2210 N·s makes the SS67B-3 a K engine. However, the low thrust makes launch a risky proposition, as a long rail is necessary for it to get up to a speed where it will fly stable. The manual suggests a 8-10 foot launch rod, but one user says that "...given a standard build, I would not launch the rocket on less than a 12 foot launch rail in calm weather, because of the safety aspects." We have engine casings in our budget for next year, so that the engine can be launched with three solid rockets strapped on the sides, to get it off the ground more quickly.

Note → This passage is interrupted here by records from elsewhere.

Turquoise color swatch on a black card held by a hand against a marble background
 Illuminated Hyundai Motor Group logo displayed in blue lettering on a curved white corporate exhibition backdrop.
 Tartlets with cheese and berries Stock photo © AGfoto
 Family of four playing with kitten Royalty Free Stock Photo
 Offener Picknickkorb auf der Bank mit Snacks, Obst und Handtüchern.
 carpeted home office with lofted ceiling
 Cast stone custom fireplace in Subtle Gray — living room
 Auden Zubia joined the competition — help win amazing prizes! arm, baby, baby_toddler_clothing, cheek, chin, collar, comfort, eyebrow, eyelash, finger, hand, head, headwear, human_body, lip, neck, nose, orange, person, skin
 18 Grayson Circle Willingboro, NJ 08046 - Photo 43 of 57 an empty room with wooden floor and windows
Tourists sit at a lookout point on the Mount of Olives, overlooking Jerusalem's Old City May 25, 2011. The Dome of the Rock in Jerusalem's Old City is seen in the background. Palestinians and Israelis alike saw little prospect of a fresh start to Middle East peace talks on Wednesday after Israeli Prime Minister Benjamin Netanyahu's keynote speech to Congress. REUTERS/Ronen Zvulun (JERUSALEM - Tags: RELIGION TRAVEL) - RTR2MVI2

We are currently planning to launch the rocket for the first time on Friday, March 31st 2006 at a high power launch near Peoria, Illinois. This is a list of things that ned to be accomplished. Struck stuff has been completed.

Flyware

• finish sanding both sections of body tube to smooth finish
• Sand nose cone (its fairly rough right now)
• determine where the electronics bay will go
• determine ejection charge setup
• Section upper body tube for electronics and dual deployment
• Make holder for altimeter
• Install bulkheads
• motor retention system
• Paint Rocket
• assemble firing system
• attach servo to valve

Fireware

• 50% hydrogen peroxide sources:
  • [1], $60.27/500mL
  • [2] 50%/wt, $34.80/500mL
  • requisitioned from chem stores
    • look for other sources, in case it doesn't come in time
• buy graduated cylinders and a funnel.
  • compatibility of polypropylene with gasoline or hydrogen peroxide
• make ignitors
  • prime with bp, rig electric ignition
  • test
• leak test tubing, wet test nozzles
  • re-pacify h2o2 chamber?
• beg for catalyst, buy otherwise.
  • assemble catalyst block
• check altimeter
  • have someone bring laptop.
    • install and test software before launch day.
• test fire ejection charge
  • test fire ejection charge using computer and in tube.

Level 3 competition

• Rocket competition

The rocket competition did not go exactly as planned last year. We weren't comfortable with exposing our rocket to supersonic speeds due to a slight bend in the dart section, so we spent most of the spring semester rebuilding and modifying it. The UMR team's rocket was finished on our planned launch date, so they launched back in October. The flight was mostly successful, but they lost a part of their dart section when the shock cord snapped. Luckily, they found the part with the electronics and the entire booster, so not too much was lost. We haven't launched our rocket yet, but it is now finished and ready. Here are the new specs:

The shiny, cardinal and gold rocket stands more than 10 feet tall when it's fully constructed. The nose cone is solid aluminum and the tubes for the 38 mm dart were made from constant-wrap pre-preg fiberglass. The 4.5" booster section was also made from fiberglass. The fins for our dart are the same as in our origional design (they follow the tail cone down and are always the same diameter as the dart itsef) to make it possible to put the entire bottom of the dart into the transition section.

We re-inforced the fins on the booster section (the only section we re-used from the first try), and did a lot more sanding and applied copious amounts of bondo to get it to a smooth finish.

We also decided to change the motor. Origionally, the agreement was to use and Aerotech M-1939, but since the clubs were not launching at the same time, ISSS decided to go with the more powerful AMW N-2020. In the proper configuration, this rocket will go to over 32,000 feet and reach speeds greater than mach 1.5.

We've done a lot of testing on the new rocket, and we've even taken it out to Colorado to compete in AIAA's region V conference.

We plan to launch it at Midwest Power in October in Peoria, IL (if we can get a high enough waiver!!)